Available data:
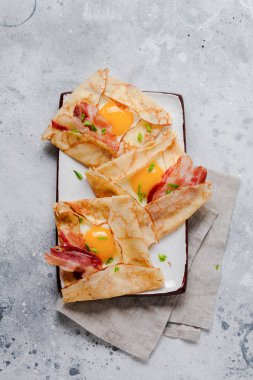 Sahanda yumurta, peynir, pastırma ve yeşil soğan bir ışık gri beton zemin üzerine kahvaltıda krep.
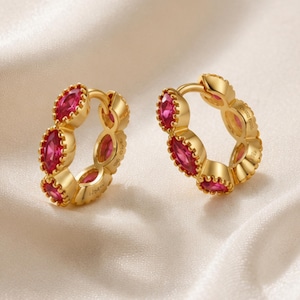 Puede incluir: Un par de pendientes de aro dorados con varias piedras de color rosa vibrante talladas en forma de marquesa a lo largo del borde exterior. Los pendientes tienen un acabado metálico pulido y un mecanismo de cierre de bisagra con diseño circular.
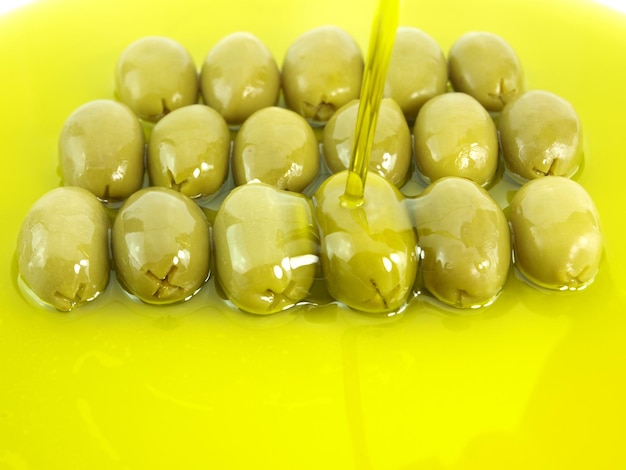 Olives with a drop of liquid being poured on them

Your task: Print the whole listing exactly, please, and keep any images out of it.

Result:
 Sahanda yumurta, peynir, pastırma ve yeşil soğan bir ışık gri beton zemin üzerine kahvaltıda krep.
 Puede incluir: Un par de pendientes de aro dorados con varias piedras de color rosa vibrante talladas en forma de marquesa a lo largo del borde exterior. Los pendientes tienen un acabado metálico pulido y un mecanismo de cierre de bisagra con diseño circular.
 Olives with a drop of liquid being poured on them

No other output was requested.